Platons Symposion und die Folgen: Thomas Oser war im Zentralsaal dem Phänomen Eros auf der Spur

NÜRTINGEN. Uralt, und doch ewig jung geblieben. So stellte kürzlich Thomas Oser im Zentralsaal in der Stadthalle eine antike Vorstellung des Begriffs beziehungsweise Gottes Eros dar. Zur Ausleuchtung jenes Phänomens diente ihm und der ihn begleitenden Flötistin Amanda Chominsky der überlieferte Text jenes platonischen Trinkgelages, zu dem sich vor annähernd 2500 Jahren die Herren Phaidros, Pausanias, Eryximachos, Aristophanes, Alkibiades und Sokrates im Hause des Tragödiendichters Agathon trafen, um die eine oder andere Schale Wein zu leeren.

Jeder Teilnehmer an diesem Symposion war gehalten, eine Lobrede auf den Eros zu halten. Doch zuvor erläuterte Thomas Oser den Besuchern der Veranstaltung im Zentralsaal die Situation. Demnach hatten zu jener Zeit im antiken Griechenland die Lebensgemeinschaften von Männern und Frauen überwiegend funktionalen Charakter, fand Liebe im erotischen Sinn statt zwischen verdienten älteren Männern und Knaben an der Schwelle zur Männlichkeit, Pädophilie als gesellschaftlich geradezu geforderte Verhaltensnorm. Penetration sei allerdings, so Oser, wenn nicht verboten, dann doch zumindest verpönt gewesen.

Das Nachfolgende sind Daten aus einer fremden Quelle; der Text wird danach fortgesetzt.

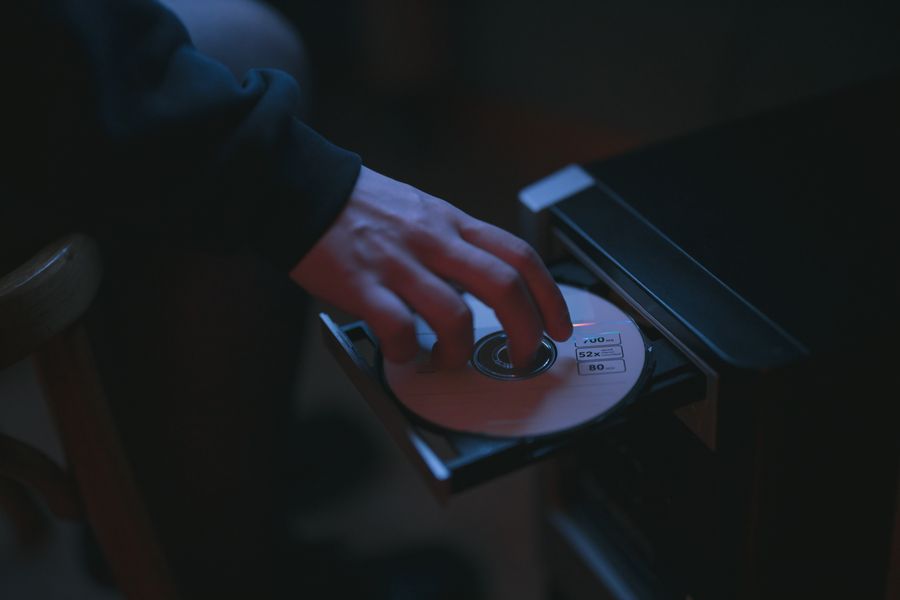 A hand inserting a CD into a computer's optical drive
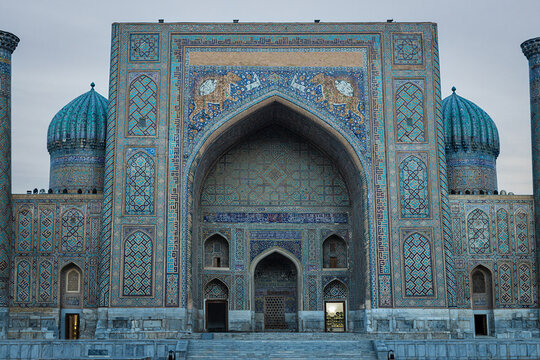 Sher-Dor Madrasa facade at Registan Square in Samarkand with turquoise tilework and domes. Ideal for travel publications, heritage content, and cultural brochures about Uzbekistan.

Die Unbesiegbarkeit eines Heeres sieht der Feuerkopf Phaidros in der homophilen Orientierung im Sinne des "uralten Gottes" Eros, der in der zeitlichen Abfolge gleich nach dem Chaos und der dreibrüstigen Mutter Erde Gaia in die Welt gekommen sei. Damit nun scheint er der These von einer verdeckt homoerotischen Funktion aller Männerbünde doch einigen Vorschub zu leisten. Auch der auf blendende Weise vortragende Thomas Oser - er wechselte ganz nach Bedarf von der Rolle des Moderators in die des Rezitators - sah eine gewisse Beziehung, die von jener antiken Form der Protektion jüngerer durch ältere Herren auf die heute noch existierenden Studentenverbindungen weist.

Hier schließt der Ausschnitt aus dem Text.